I use what’s called ‘regulation management’ for expanding Computools’s reach globally. IBM gave birth to this form of management a long time ago, and its purpose is to enable effective control over an organization’s performance from the top down. A short time later, I noticed that the same approach can be relevant to organizations and businesses of all sizes that suffer from poor management, inconsistent operation, or stagnant performance.
The concept of regulation management is not difficult. It consists of eight rules and by applying them, you will manage to keep your organization in order and build a good foundation for consistent growth.

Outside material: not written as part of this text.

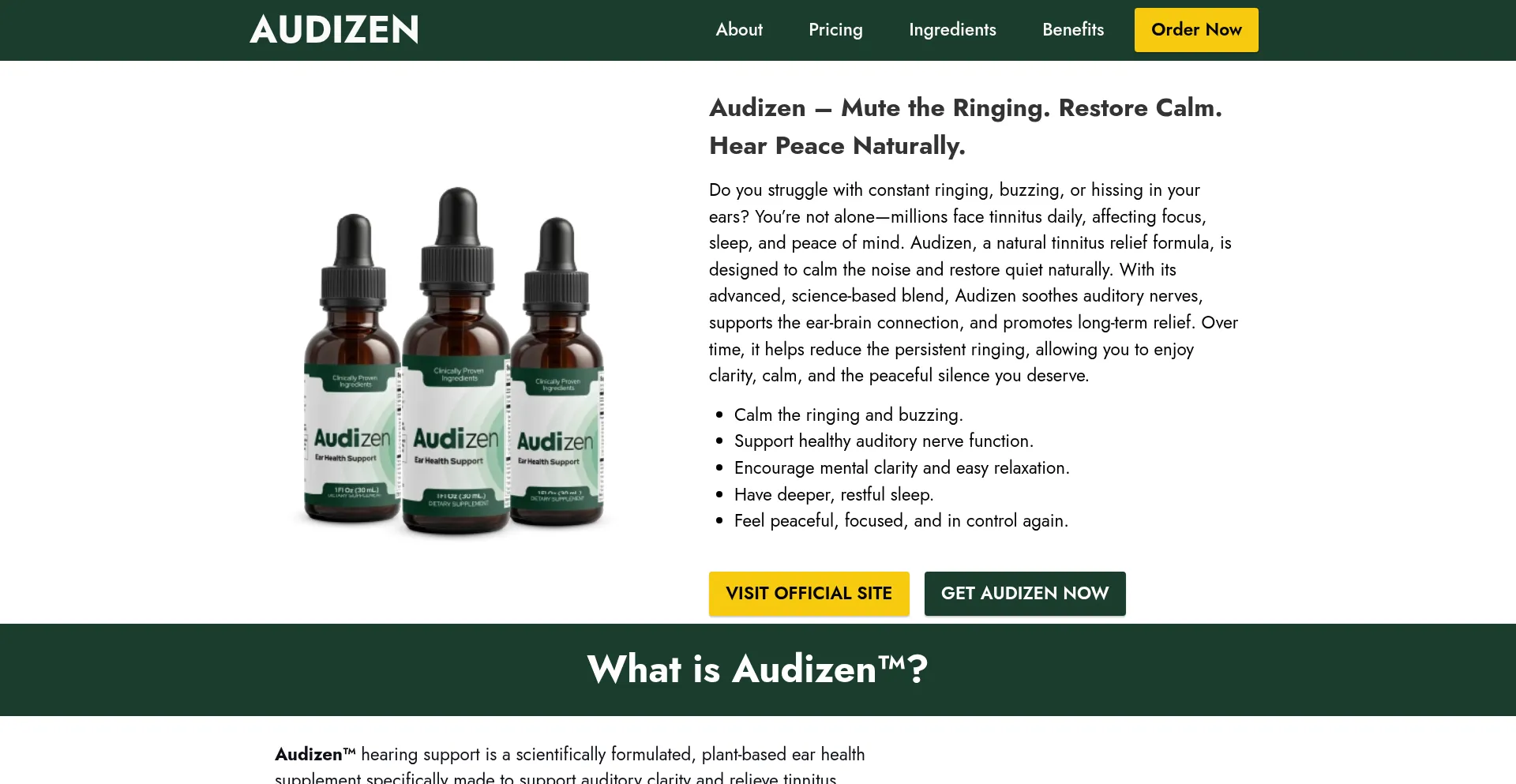 Try-audizen.com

Follow my 8 rules below to scale your business without losing profitability:
1. Define business streams
How your business works can be split into several areas or streams, each referring to a complex business activity. For instance, most enterprises have Marketing, Manufacturing, Support, Shipping, Delivery, and other streams. By structuring your company’s organization, you set barriers between departments and group your specialists by expertise, thus helping them achieve better collaboration. This categorization is also needed to establish the basis on which you will later manage and add business processes. This division can be vertical, horizontal, or even diagonal. The point is to cover 100% of your business value in this structure.
2. Assign managers
Different streams need different managers. The manager has to be an expert in the field they are assigned to so that proper business processes and workflows can be organized from scratch. If we are talking about a startup or something small, one expert can be in charge of several adjacent streams at a time, for example, Marketing and Support, or Production and Quality Control. Your streams should have a few common points at which managers can streamline the production of business value, but the rest of the business processes in the streams should be organized and implemented strictly within departments.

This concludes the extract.